First Impressions: Flying the Junkers A50 Junior is almost a surreal experience. The first time you see one and run your fingers across the corrugated aluminum skin, you will be transported to a time of leather flying helmets, grass strips, and most importantly, adventure. This airplane is not, however, a restoration of a 93 year-old plane; nor is it even a replica. It is a brand new, factory-built, and fully-certified Special Light-Sport Aircraft (S-LSA). The Junkers (pronounced “yoon-kers”) A50 brings new life to a phantom of the 1930’s and, for vintage aircraft lovers, is a breath of fresh air to the LSA market.

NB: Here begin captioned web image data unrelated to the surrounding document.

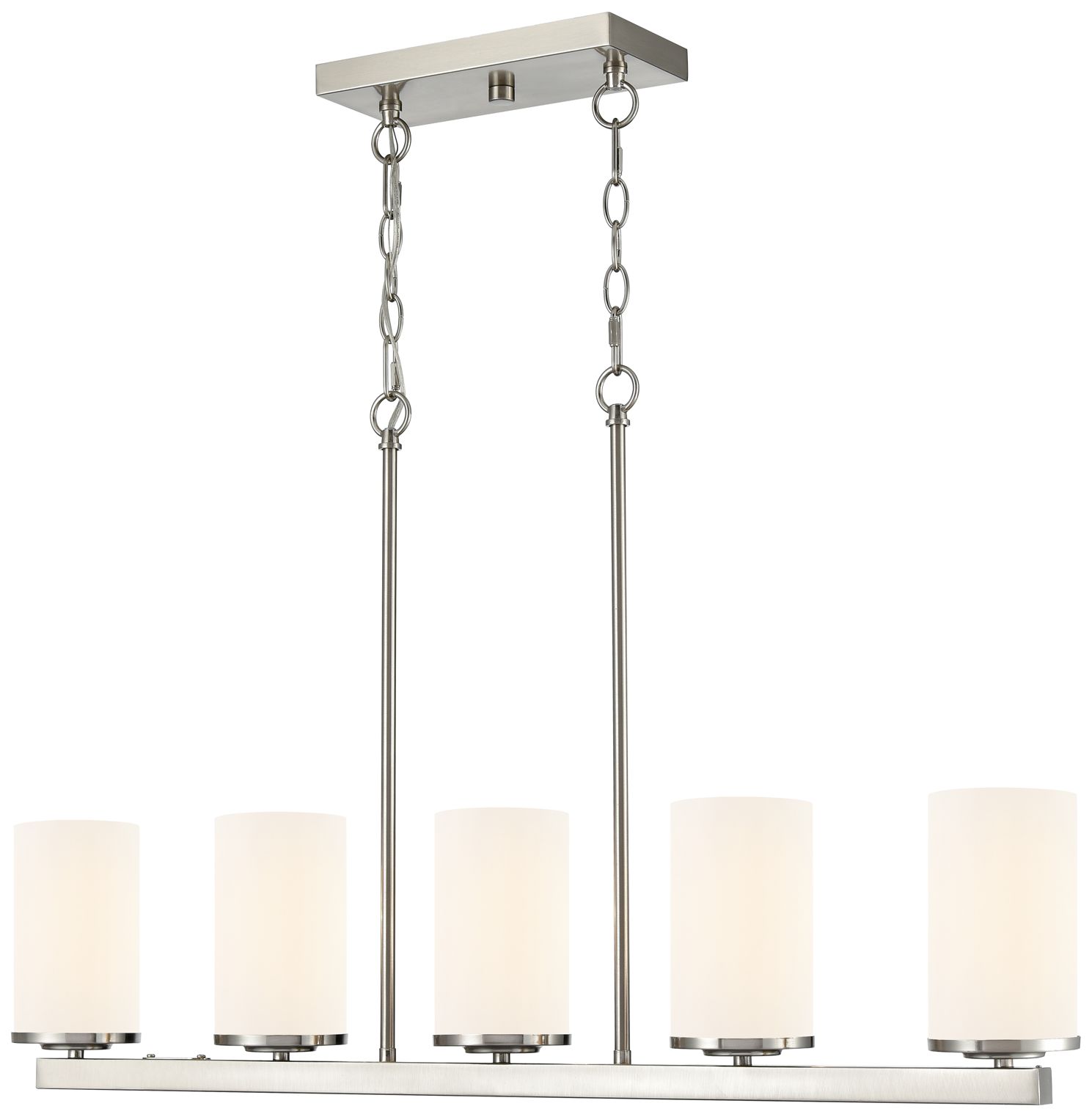 Millennium Verlana 5-Light 35" Brushed Nickel Linear Chandelier with Shade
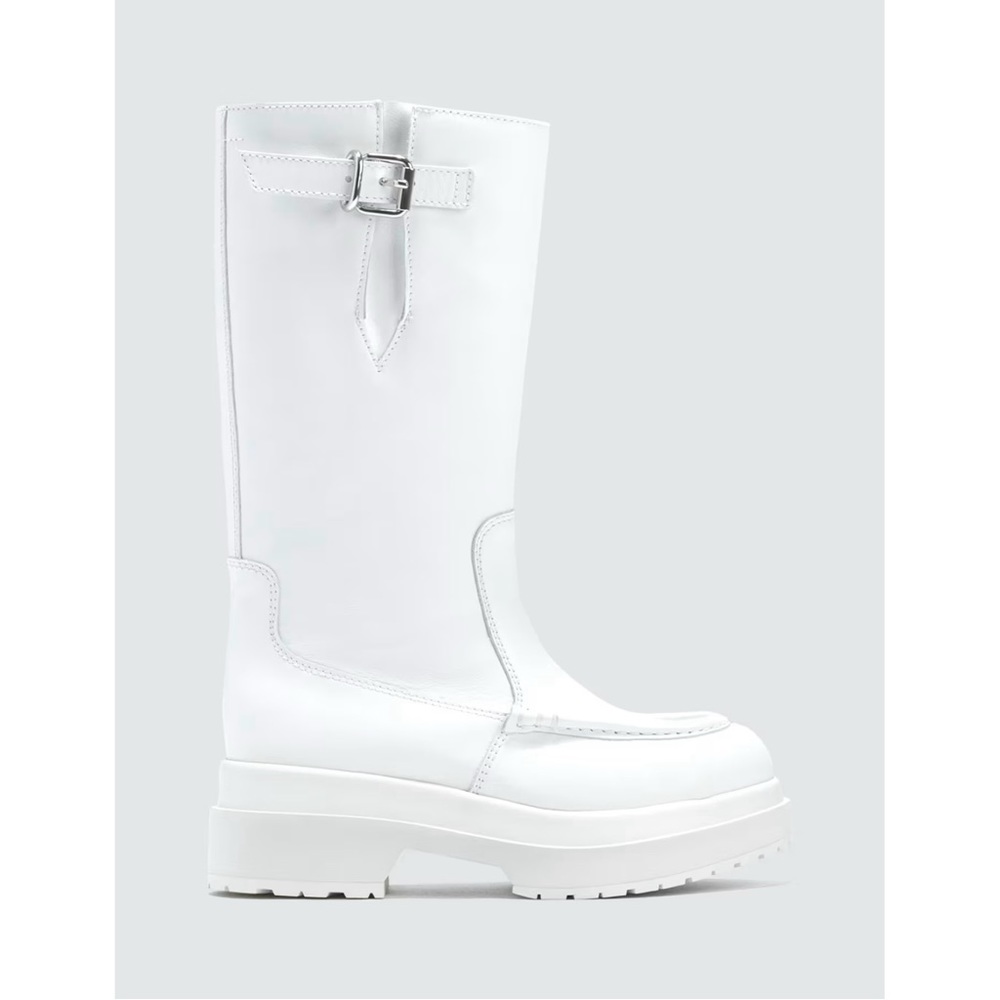 MM6 LEATHER SIDE BUCKLE BOOTS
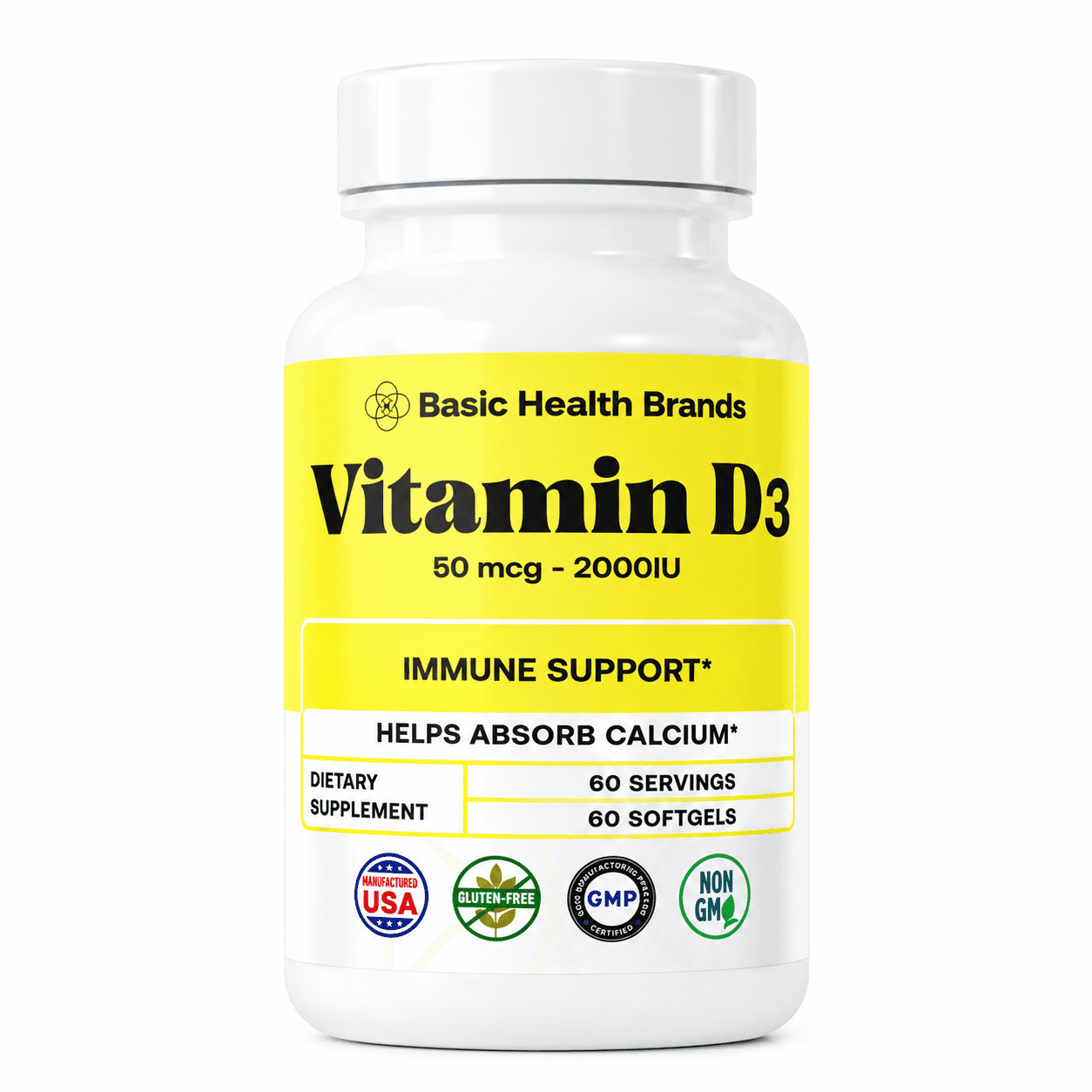 Basic Health Brands Happy Sunshine Vitamin D3 Supplement 2000 IU, Immune & Bone Support, Dietary Supplement 60 Count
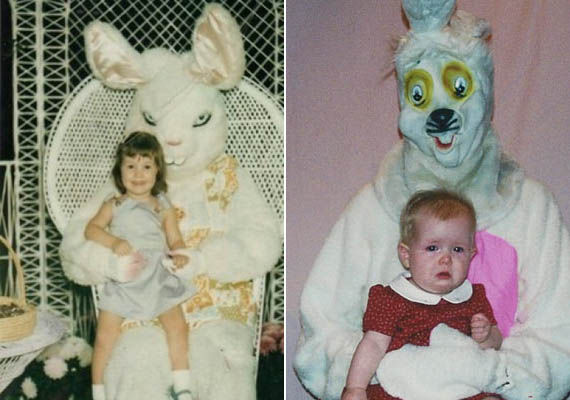 	A húsvéti nyúllal fotózkodni ijesztő élmény is lehet, ha ilyen arccal rendelkezik, mint a képeken.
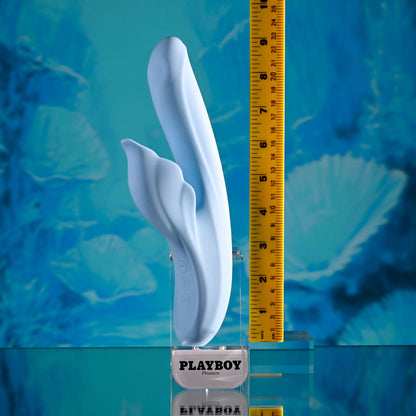 Playboy Pleasure IN BLOOM - Blue 23.5 cm USB Rechargeable Thrusting Tapping & Heating Dual Vibrator Playboy Pleasure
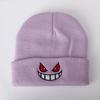 New Animation Cartoon Geng Gui Big Mouth Red Eyes Embroidery Autumn and Winter Wool Knitted Hat Pullover Thermal Hat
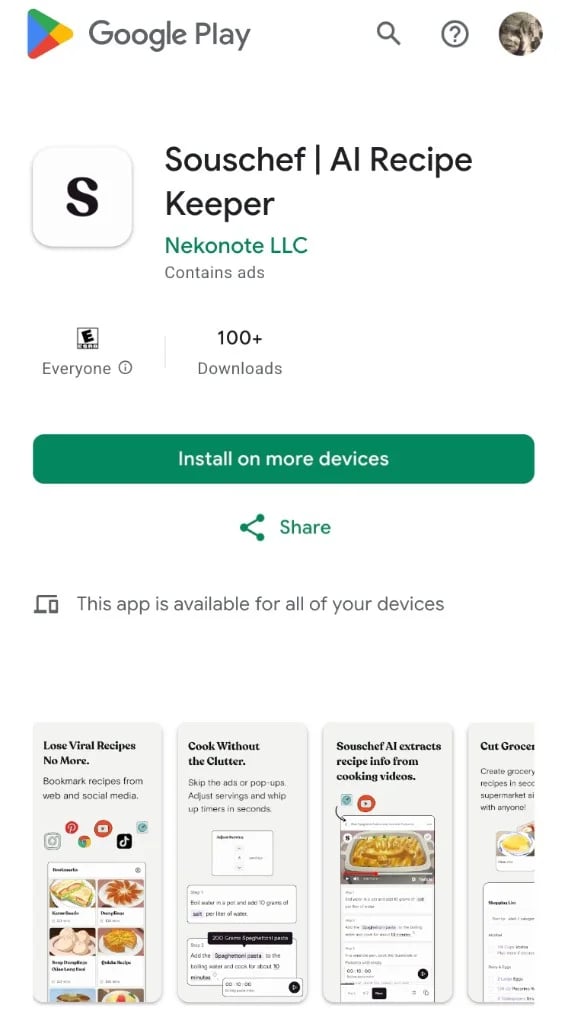 Souschef Google Play listing for Android phones and tablets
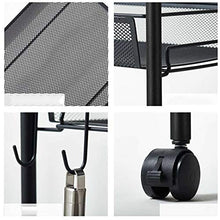 YIN YIN Carrello per ripiani Scaffale da cucina multi-strato in ferro battuto mobile conveniente solido stabile capacità grande cucina sala da pranzo soggiorno mensola nero 45X26X84cm Carrello a rulli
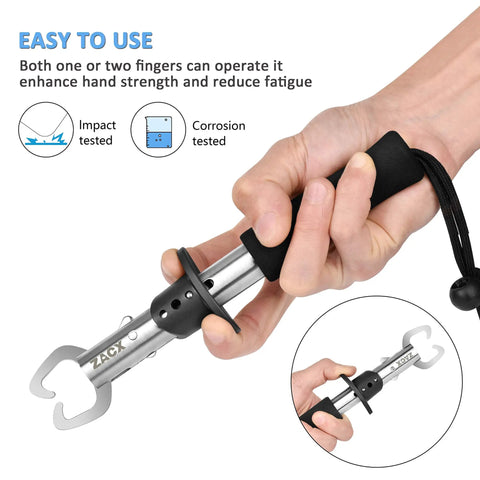 Pro Grade Fish Lip Gripper Pliers With Upgraded 4.3 Inch EVA Foam Handle held in hand for easy fish handling.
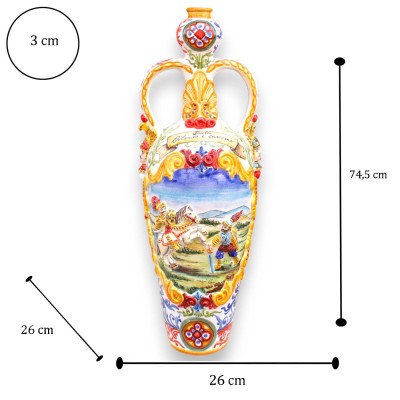 Bummulo vase h 75 x 26 cm approx. Caltagirone ceramic, "Orlando and Saracen duel" scene, embossed decorations - 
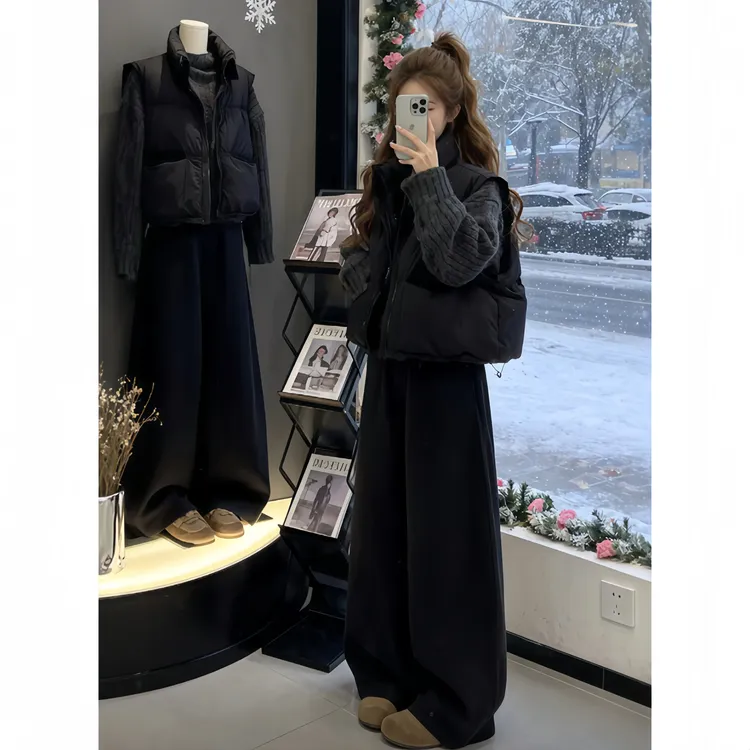 SHALLDOER【墨尔本午夜】时尚叠穿套装女宽松慵懒风上衣马甲+阔腿裤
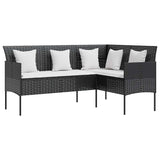 5 Piece L-shaped Couch Sofa Set with Cushions Poly Rattan Black - Side View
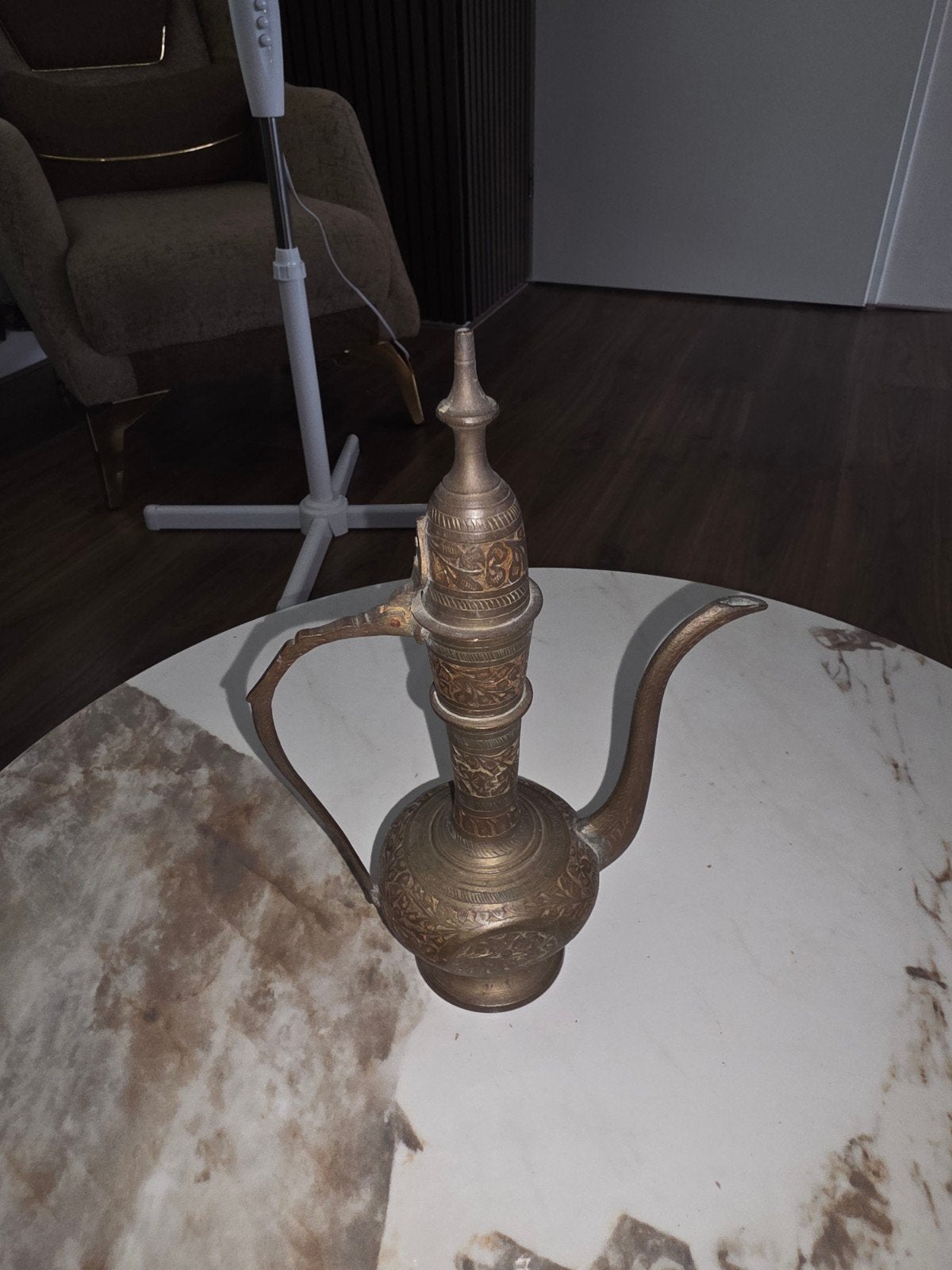 Antieke Arabische Dallah Koffiekan - Messing, Handgegraveerd, Ophalen of Verzenden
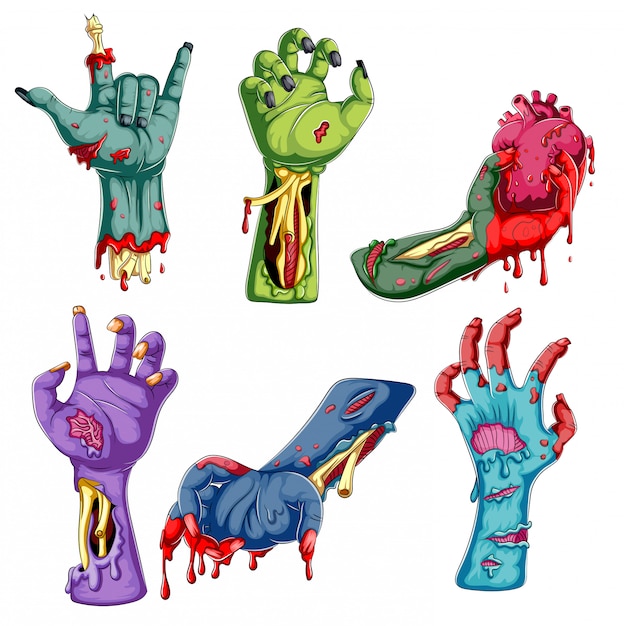 Premium Vector | Cartoon collection of zombie hands on white background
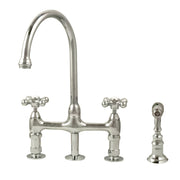 MAIDSTONE Bradford Bridge Kitchen Faucet - Metal Cross Handles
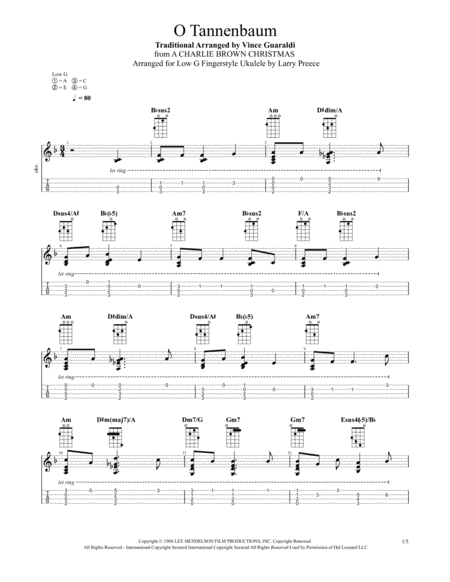 Free Sheet Music O Tannenbaum From A Charlie Brown Christmas Fingerstyle Ukulele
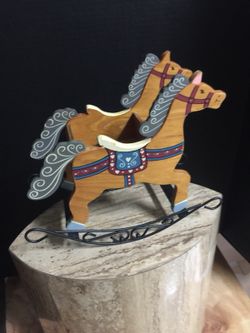 Vintage wood rocking horse table decor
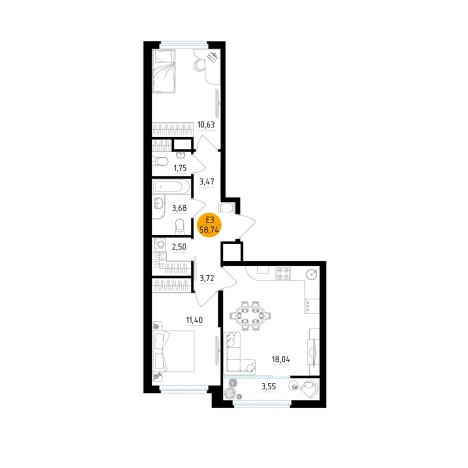 Купить двухкомнатную квартиру в Микрорайоне 3-й, Московский район в Рязани. Вариант № 155127, 0, площадь -  квм, цена 7575698 рублей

Background: The new Junkers Aircraft Corporation was founded in 2018 and is a sister company to the WACO Aircraft Corporation in Battle Creek, Michigan. Both WACO and Junkers specialize in artisan-built, fully-customized aircraft and have similar missions of bringing fun and adventure to flying. All their planes carry the nostalgia of flying a new “vintage” aircraft. No expense or safety measure is spared and their end products are individual pieces of art.

The original Junkers Aircraft and Motor Works Company, as it eventually became known, was founded in 1895 by Hugo Junkers as a boiler and radiator repair shop. Hugo Junkers, born in the Kingdom of Prussia in 1859, was an engineer and inventor by trade and one of the earliest aeronautical designers. He not only designed and built aircraft, but diesel and gasoline engines as well. He held a variety of patents and served as a professor of thermodynamics at the Technical University of Aachen, Germany. As with all early aircraft designers, Hugo Junkers met with some early failures in his aircraft designs, but eventually was able to build a wind tunnel and devote more time to developing aircraft. His focus and design efforts was on designing all-metal monoplanes, which no one else was seriously pursuing. In 1915, he met with success when his Junkers J-1 was the first all-metal, cantilever aircraft to take to the skies.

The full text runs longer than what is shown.